◆ Task
Starting with the line below that holds "1950s Christian Dior" and stopping after the line that holds "Shop Oscar De", transcribe the lines exactly, leaving out all pictures.

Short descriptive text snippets
########################################

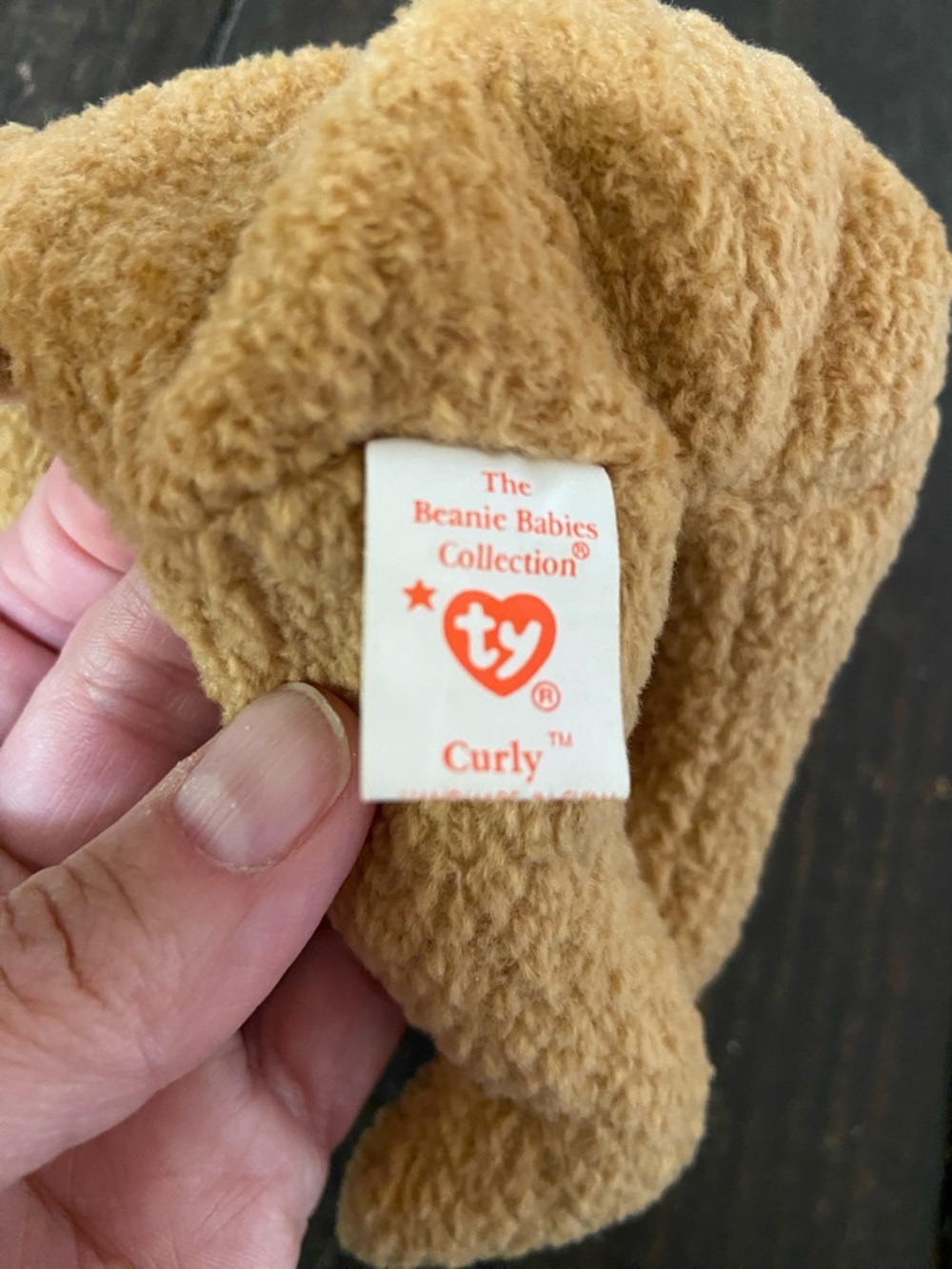 Ty Beanie Baby Curly Plush Brown Teddy Bear with Red Bow - Kids Toys - Picture 4 of 5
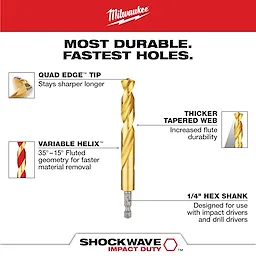 19PC SHOCKWAVE™ Impact Duty RED HELIX™ Titanium Metric Drill Bit Set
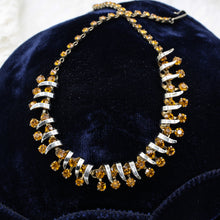 1950s Christian Dior by Kramer Amber Rhinestone Collar Necklace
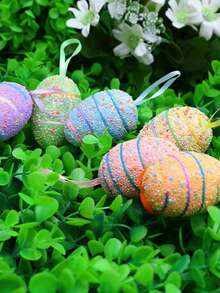 6pcs Foam Material Random Color Easter Eggs Decorations, Party Favors - View 6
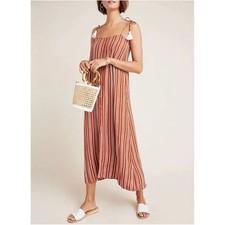 Faithfull the Brand x Anthropologie Arrieta Dress Striped Midi Boho Maxi, Size S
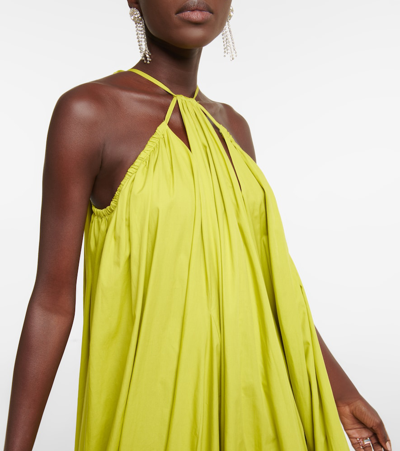 Shop Oscar De La Renta Halterneck Cotton Gown In Chartreuse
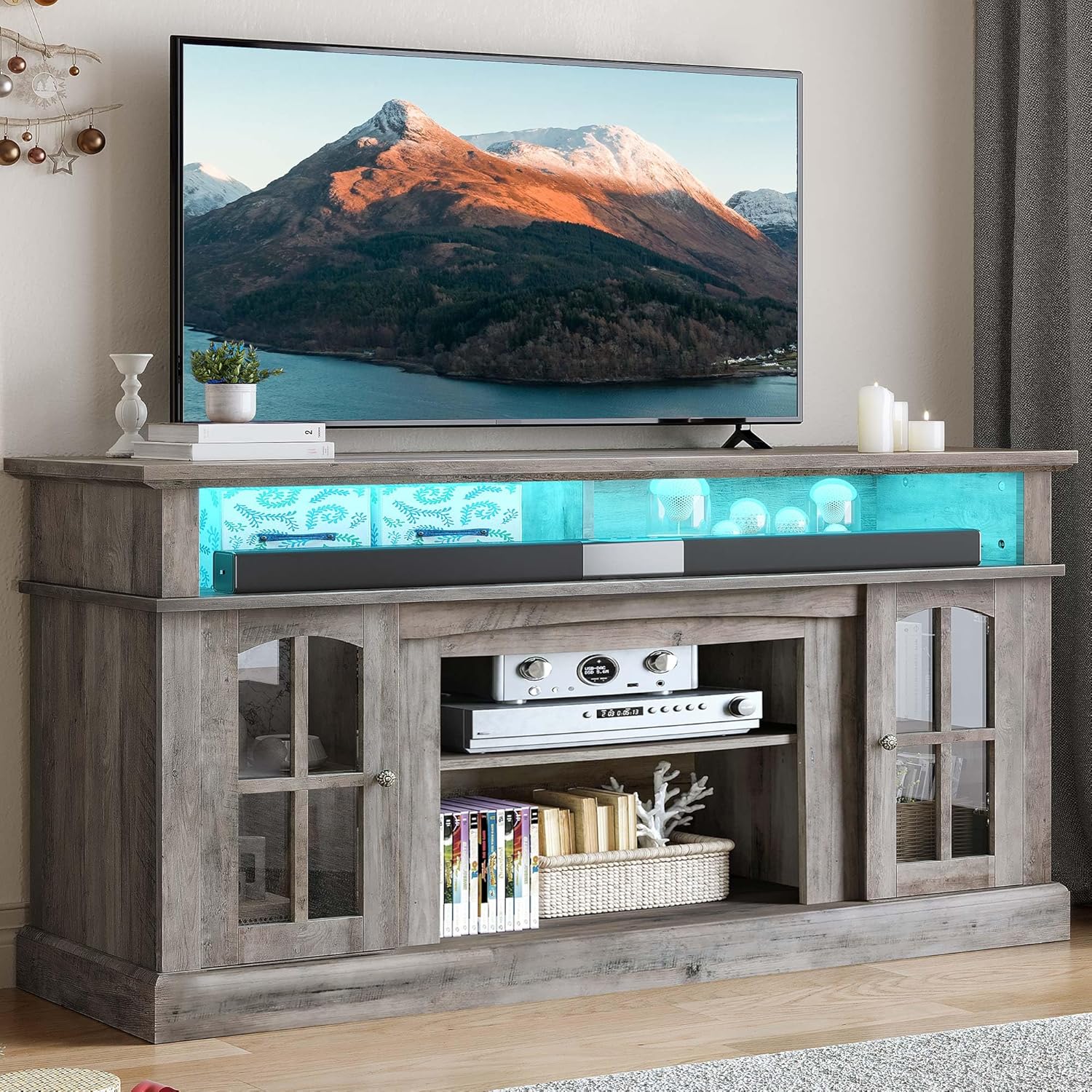 LED Farmhouse TV Stand for TV up to 75" w/Outlets, Highboy Media Entertainment Center Console Table Adjustable Storage Shelves &Cabinet Glass Door for 400lbs for Living Room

########################################

◆ Finished task
 1950s Christian Dior by Kramer Amber Rhinestone Collar Necklace
 6pcs Foam Material Random Color Easter Eggs Decorations, Party Favors - View 6
 Faithfull the Brand x Anthropologie Arrieta Dress Striped Midi Boho Maxi, Size S
 Shop Oscar De La Renta Halterneck Cotton Gown In Chartreuse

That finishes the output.